Social media is the busy career mom's best friend. "Once you get the basics of how Twitter works," says Julie Fry, founder of Business Among Moms, based in Seattle, "it is invaluable for making connections and finding others in your industry or target market. She touts the benefits of Facebook for its wide audience and LinkedIn for its ability to connect with both companies and people. Working mom Faith McKinney, a positioning and visibility consultant in Indianapolis, recommends branding yourself on social media and being consistent with your message across all platforms. Ways to do this include posting only positive news about your life and family, sharing articles that pertain to your interests, keeping your profiles current and participating in business-related discussions in relevant groups.
Join Professional Organizations
Sometimes, simply being able to list a professional organization on your resume increases your clout when trying to advance your career.

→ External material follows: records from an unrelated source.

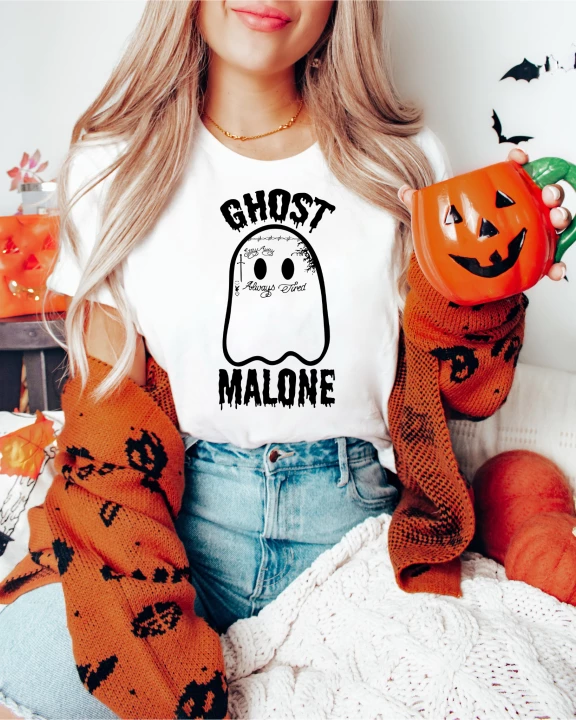 Ghost Malone Halloween T-Shirt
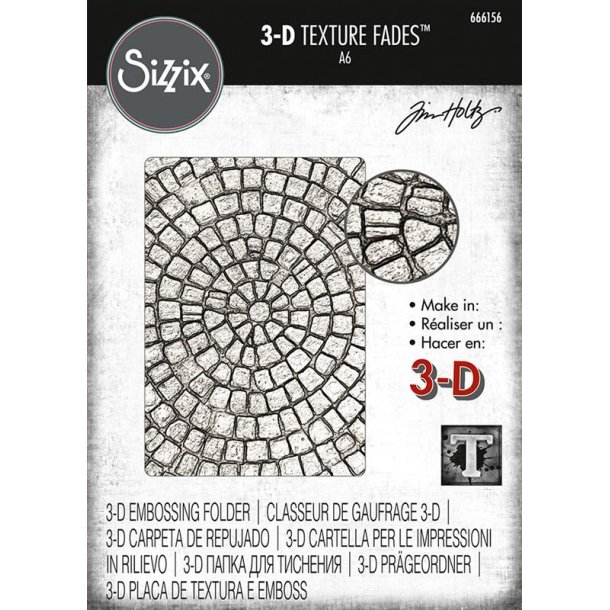 Tim Holtz 3D embossingfolder Mosaic 666156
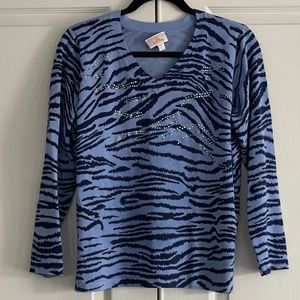 QUACKER FACTORY SWEATER W/EMBELLISHMENT. NICE!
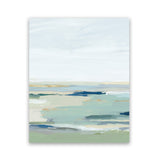 Shop Burbank Blue II Art Print-Abstract, Green, PC, Portrait, Rectangle, View All, White-framed painted poster wall decor artwork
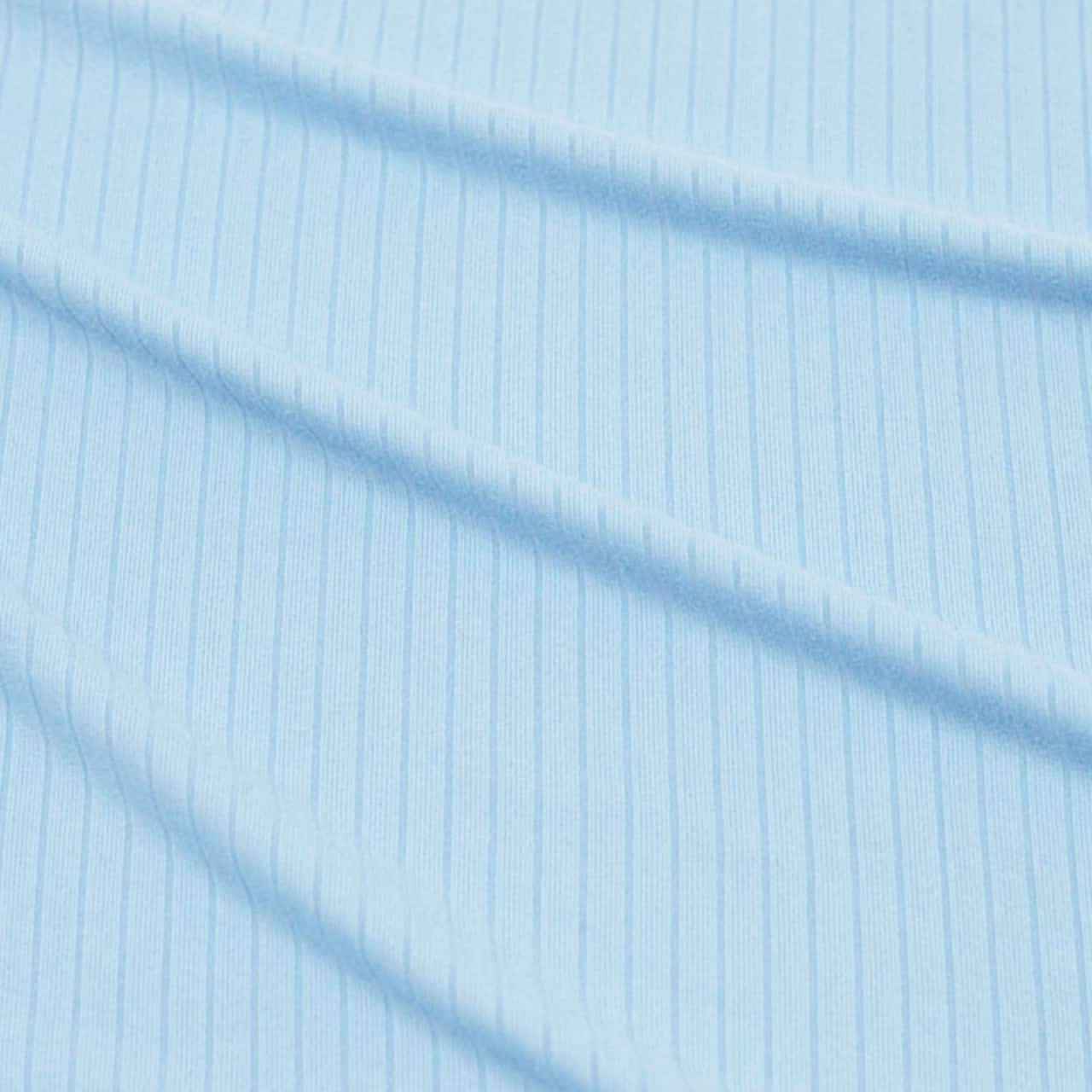 Fabric Merchants Polyester Blend Ribbed Fabric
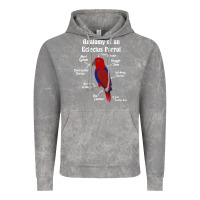 Cloud Rock Anatomy of a female Eclectus Parrot Vintage Hoodie - trangStudio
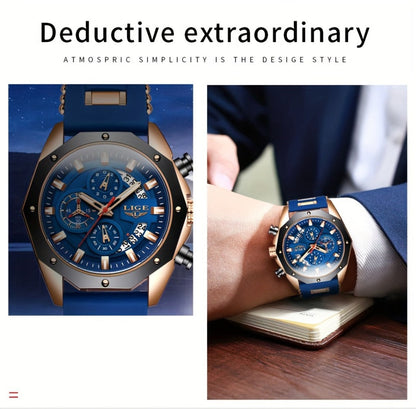 Men's Quartz Watch - 's Chronograph with Luminous Dial & Calendar | Stopwatch, Outdoor Sports - product detail view 19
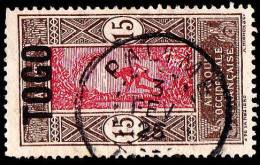 TOGO CAD Obl Cancel Stempel PALIME 03-02-1925 S/ YT 106 : 15c (brun Et Rose) Indigène Sur Palmier  Kpalimé - Used Stamps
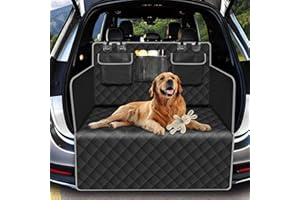 AUSYIWI Telo Auto per Cani, Telo Bagagliaio Auto per Cani 180 * 103 * 33cm, Coprisedile Auto per Cani Bagagliaio Auto, per Station Wagon, Furgoni e SUV,Universale Impermeabile,Nero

However, you can also often stay involved digitally by offering valuable information via the organization's website, newsletter or trade publication, suggests career coach Barbara Safani, who's based in New York. "Consider taking on a leadership role within your professional community by chairing a committee or submitting articles for the newsletter," she says. While it might seem like a lot of extra work, she notes that much of it can be done from home and is fairly flexible. Fry also recommends seeking out a working mom-specific networking organization. Once you've made connections, she says, set aside a specific amount of time each week to reach out and follow-up with these people. "Relationships happen as a result of interaction, and it does require time and effort," she says.
Connect With Other Moms (and Dads)
Whether you find them on the playground or during sports practice, other working moms and dads are likely eager to network with you, too. "A close second to the golf course may very well be the playground," Safani says, though she also suggests classes or sports practices as potential places to connect. She recommends scheduling at least one weekend class to maximize networking opportunities. As your child gets older, becoming a team parent not only allows you to network with myriad community members, but also list leadership positions on your resume.
Put your professional skills to work at your child's school or day care center. If you're a fundraising expert, offer to solicit donations for an upcoming event. Those who are whiz-bang writers or graphic designers might offer to work on newsletters or fliers. "When you volunteer for a position in your child's school or your local community you are broadening your range of contacts since members of these groups represent multiple professional backgrounds," Safani says. She suggests taking it one step further -- offer to chair an event or become a member of the executive board. "These types of opportunities provide you with much greater visibility and decision-making power than you would receive if you just offer to bake cupcakes for the school picnic," she notes.